FERNANDO NAVAS TALERO | El Nuevo Siglo
Miércoles, 1 de Febrero de 2012

Camisa de fuerza

La comunidad mundial se conmovió en octubre del año pasado ante las escenas que divulgaron los medios de comunicación, registrando la liberación de Gilad Shalit, el soldado franco-israelí que fue canjeado por 1.027 palestinos presos, gesto que fue considerado como útil y necesario para encauzar las conversaciones que conduzcan a un acuerdo de paz y a la terminación del conflicto. Las expresiones de júbilo se oyeron en los dos extremos de los pueblos enfrentados. Claro que no faltaron las críticas de quienes consideraron que este gesto debilitaba las razones de la autoridad.
¿Cual autoridad? La Ley.
Particularmente, del acontecimiento, hay que destacar que el intercambio superó las argumentaciones legales que se hicieron para objetar este acercamiento; en otras palabras, no hubo ley alguna que se impusiera como razón de Estado para impedir que la decisión política se ejecutara. Este antecedente permite confirmar que el derecho no es la ley y que la justicia no es otra aspiración que el logro de la paz y la convivencia de los pueblos. El derecho es el producto del diálogo múltiple que suscita, finalmente, un consenso.

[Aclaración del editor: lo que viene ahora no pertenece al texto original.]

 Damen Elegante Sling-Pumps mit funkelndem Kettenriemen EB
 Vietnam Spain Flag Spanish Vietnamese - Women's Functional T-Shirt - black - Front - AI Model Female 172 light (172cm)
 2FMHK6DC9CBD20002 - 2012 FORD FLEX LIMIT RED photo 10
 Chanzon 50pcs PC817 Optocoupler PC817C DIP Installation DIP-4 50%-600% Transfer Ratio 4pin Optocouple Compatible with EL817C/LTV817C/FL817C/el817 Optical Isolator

Tristemente, ese consenso que genera el derecho la mayoría de las veces sólo se consigue cuando la ley del más fuerte ha fracasado, como suele fracasar siempre y ha fracasado a lo largo de la historia. ¿Por qué, entonces, esperar a que la fuerza de la razón se imponga a la razón de la fuerza para convenir las reglas de convivencia que aseguren la paz y la justicia? Sencillamente porque la ley no tiene su origen en la voluntad colectiva sino en la decisión de unos pocos que disfrazan sus intereses con la máscara del mandato general, impersonal y abstracto: la ley, una camisa de fuerza.

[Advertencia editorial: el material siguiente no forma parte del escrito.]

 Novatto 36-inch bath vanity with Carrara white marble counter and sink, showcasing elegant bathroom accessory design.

Para llegar a este tipo de consensos es indispensable un diálogo constructivo entre las partes en conflicto, apelar a la conciliación, un procedimiento aparentemente novedoso al cual se ha acudido desde que el hombre reconoció que el verbo es la fuente de toda la cultura y la civilización de la humanidad y que en el concierto de las naciones se ha redescubierto como una fórmula mágica, una fórmula que no hace otra cosa que confirmar que el derecho es diálogo.

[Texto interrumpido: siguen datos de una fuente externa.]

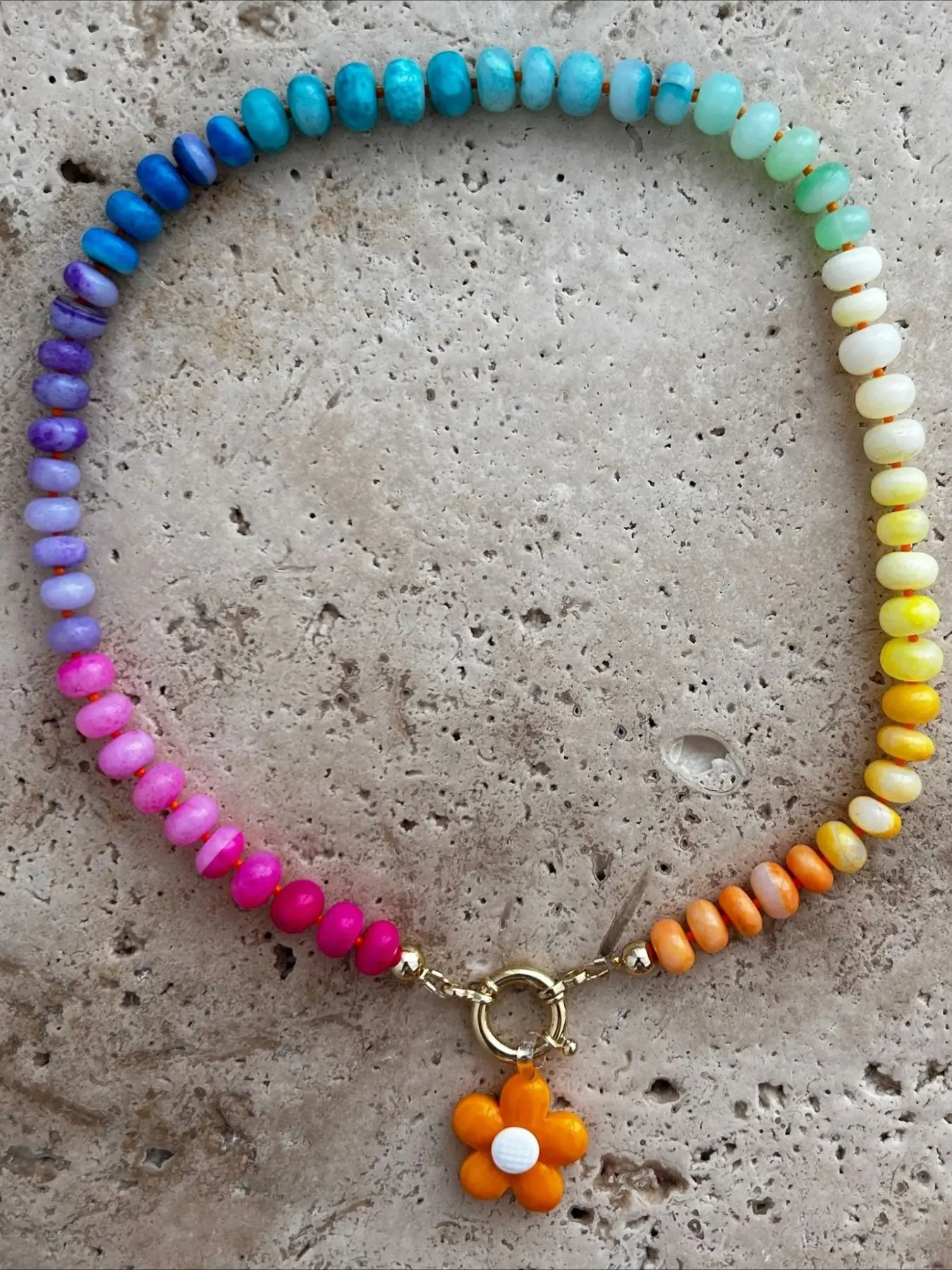 CYL&RY Boho Rainbow Stone Beaded Necklace, Layerable Colorful Choker with Flower Pendant, Versatile Jewelry for Summer Vacations, Beach Trips, Festivals and Boho Styling, Dainty Layering Jewelry, Adjustable Beaded Design, Glass Bead Necklace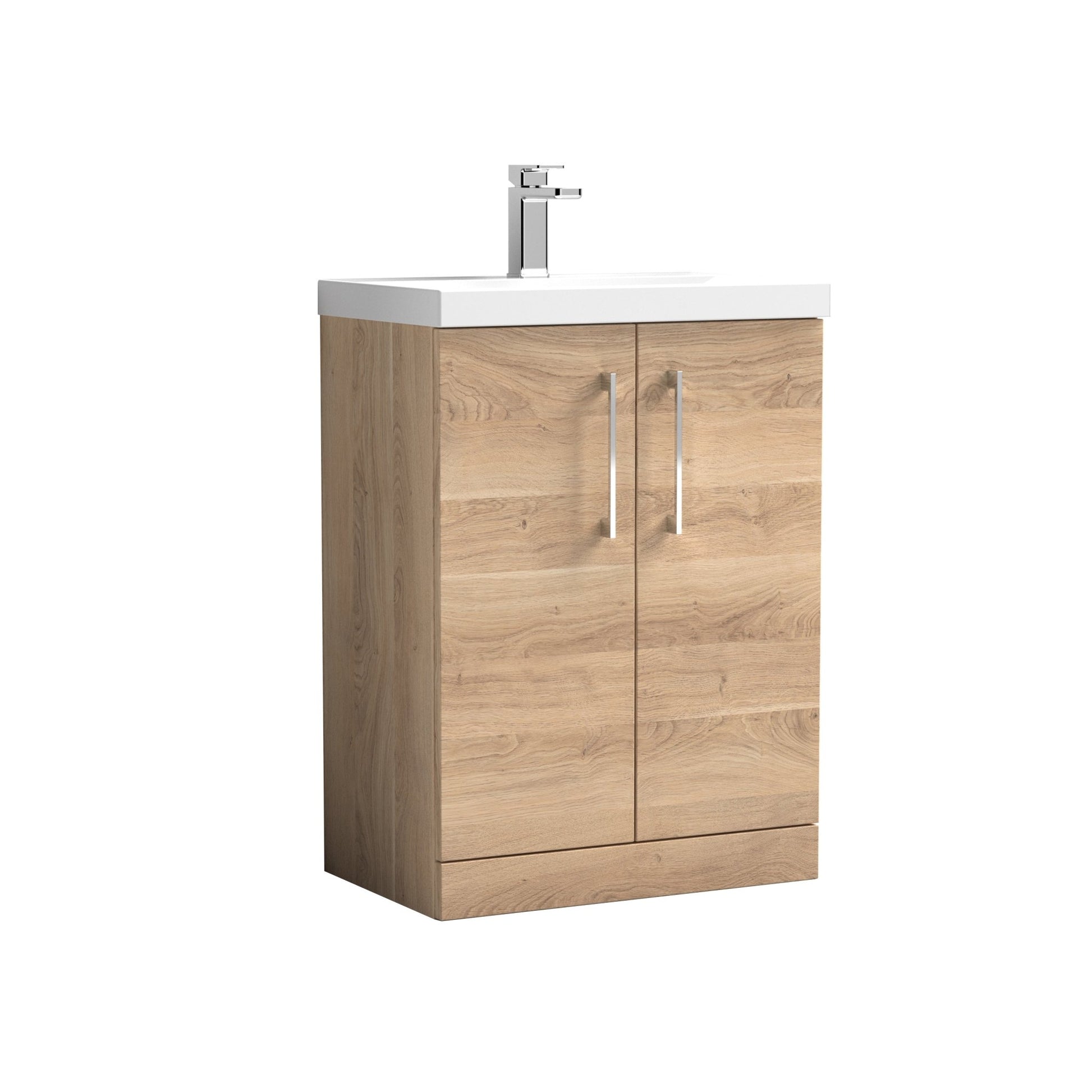 Nuie Arno 600mm Floor Standing 2-door Vanity & Basin 1 Contemporary Bleached Oak MFC 840x610x390mm - JJ Building Materials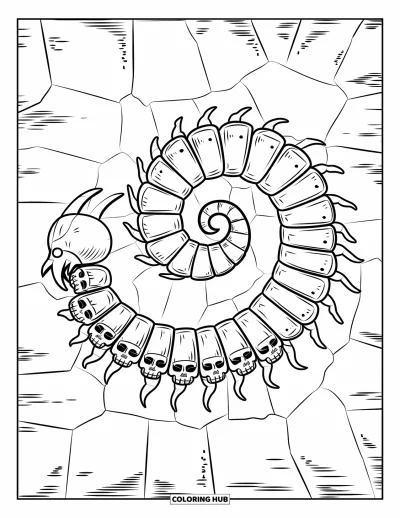 Coloriage de monstres effrayants pour adultes : Un mille-pattes à face de crâne avec 100 segments s'enroule étroitement sur d'anciens motifs de pierre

Si la paz es un derecho y una obligación, como lo proclama solemnemente el derecho fundamental, hay que idear métodos que hagan posible ese mandato y reconocer que únicamente el poder de la razón puede superar las crueldades del poder absoluto de los bárbaros. Intentar la reconciliación ha sido una de las tareas que las naciones han ensayado a lo largo se su existencia y a no dudarlo no han sido ensayos en vano. La historia registra páginas indelebles que enseñan cómo los pueblos se pueden conducir a la concordia sin pensar exclusivamente en arrasar a los contrarios. Si no, ¿entonces para qué hablar de la Democracia como forma de gobierno perfecta?